ONDEANDO:                Onde estoy.

CAMARÓN:                  Aparato enorme que saca fotos.

DECIMAL:                    Pronunciar equivocadamente.

BECERRO:                    Observa una loma o colina.

BERMUDAS:                Observar a las que no hablan.

TELEPATÍA:                  Aparato de TV para la hermana de mi mamá.

TELÓN:                         Tela de gigante

ANÓMALO:                  Hemorroides.

BERRO:                         Mascota canina árabe

BARBARISMO:             Colección exagerada de muñecas barbie.

POLINESIA:                  Mujer Policía demasiado terca

CHINCHILLA:              Auchenchia de un lugar para chentarche.

DIADEMAS:                  Veintinueve de febrero.

DILEMAS:                     Háblale más.

MANIFIESTA:               Juerga de cacahuetes.

MEOLLO:                      Vacío vejiga

TOTOPO:                       Mamamífero ciciego dede pepelo nenegro queque cocome                                                          frifrijoles.

ATIBORRARTE:            Desaparecerte.

CACAREO:                   Excremento del preso.

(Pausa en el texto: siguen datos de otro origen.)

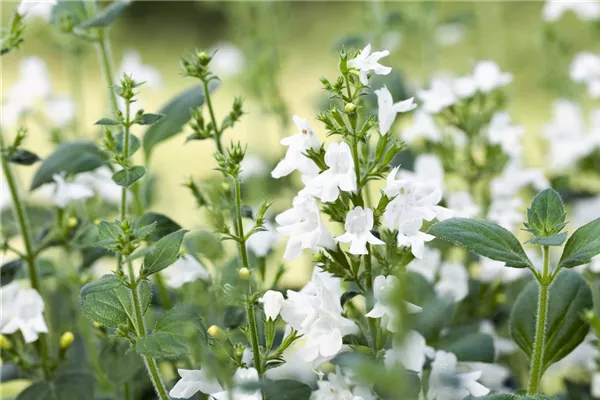 Kleinblütige Garten-Bergminze 'White Cloud'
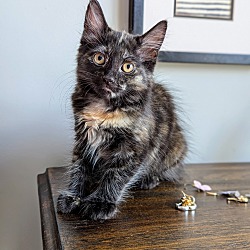 Thumbnail photo of Clover (Kitten Garden Litter) #1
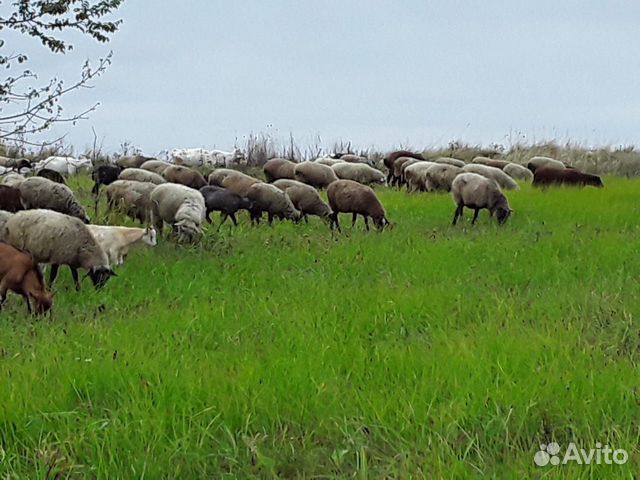 Продам овец, баранов купить на Зозу.ру - фотография № 1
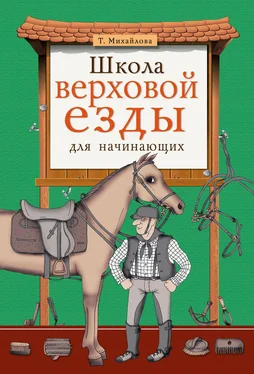 Татьяна Михайлова Школа верховой езды для начинающих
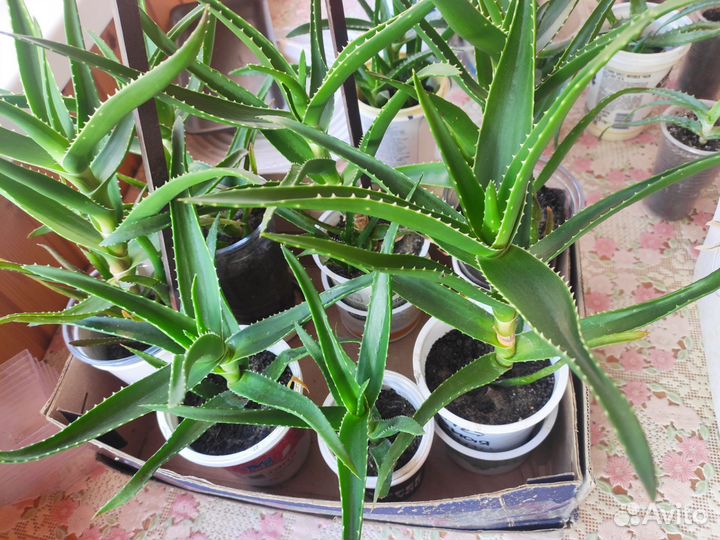 Толстянка и алоэ вера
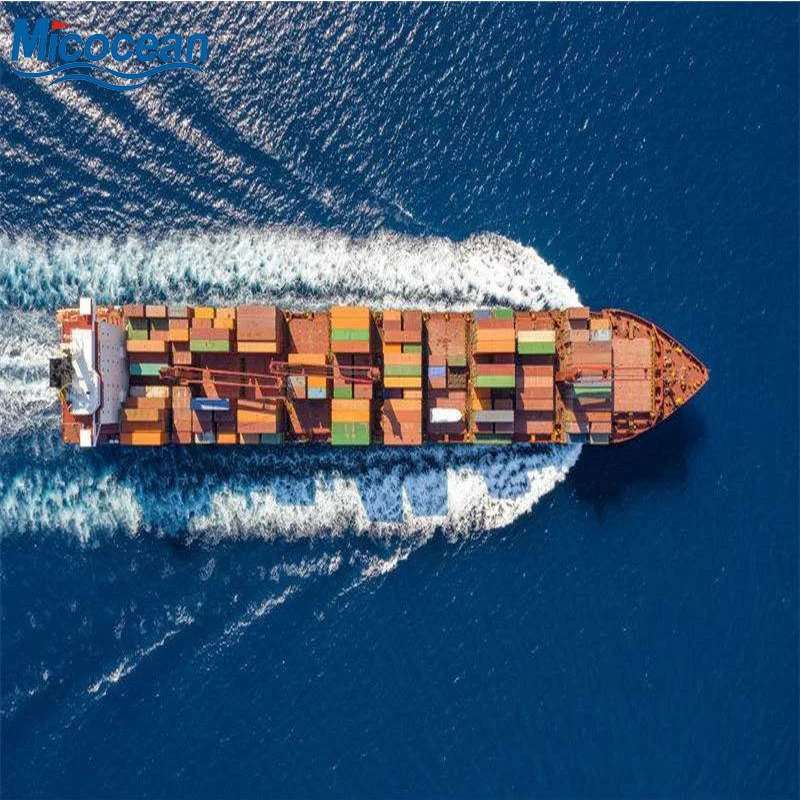 Fast Shipping Logistics Transportation Company Port to Port to San Antonio/Arica/Iquique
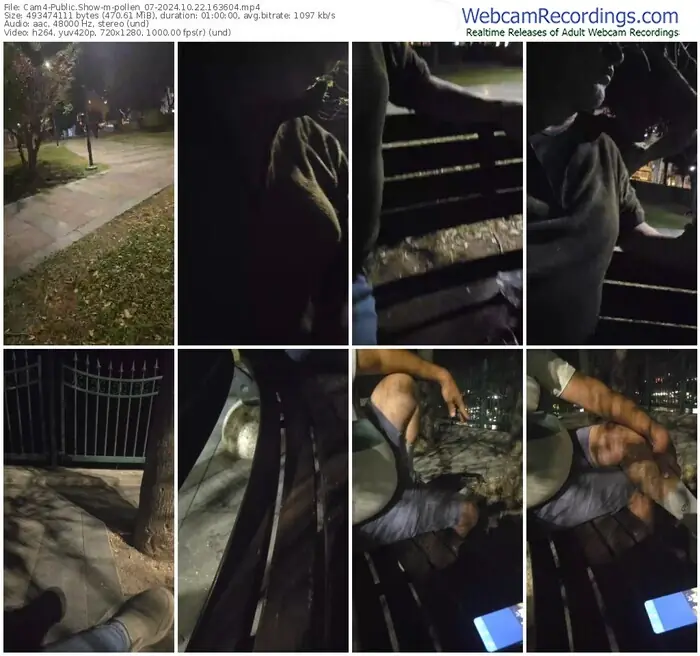 cam4-pollen_07-10-22-2024-16-36-04
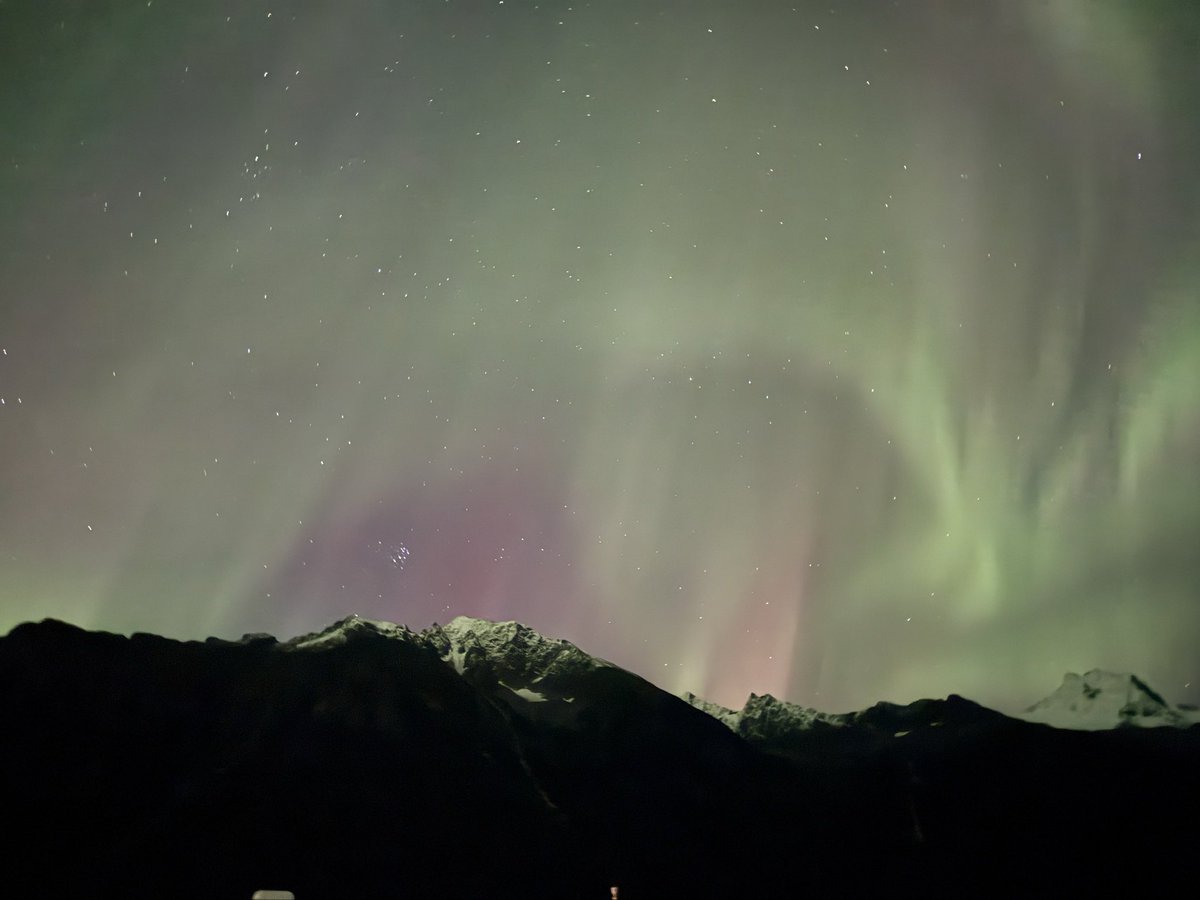 deerdogaspen's tweet photo. Seeing the northern lights has been a dream of mine for as long as I can remember, last night dreams came true for me and @reesethecollie!! https://t.co/f8o9onIhAO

CACHIVACHE:             Pequeño hoyo en el pavimento que está a punto de convertirse en                                           bache.

ELECCIÓN:                   Lo que expelimenta un oliental al vel una película XXX

ENDOSCOPIO:              Me preparo para todos los exámenes excepto para dos.

NITRATO:                     Ni lo intento.

NUEVAMENTE:            Cerebro sin usar.

TALENTO:                    No va rápido.

ESGUINCE:                   El que sigue del gatorce.

ESMALTE:                    Ni lune ni miélcole.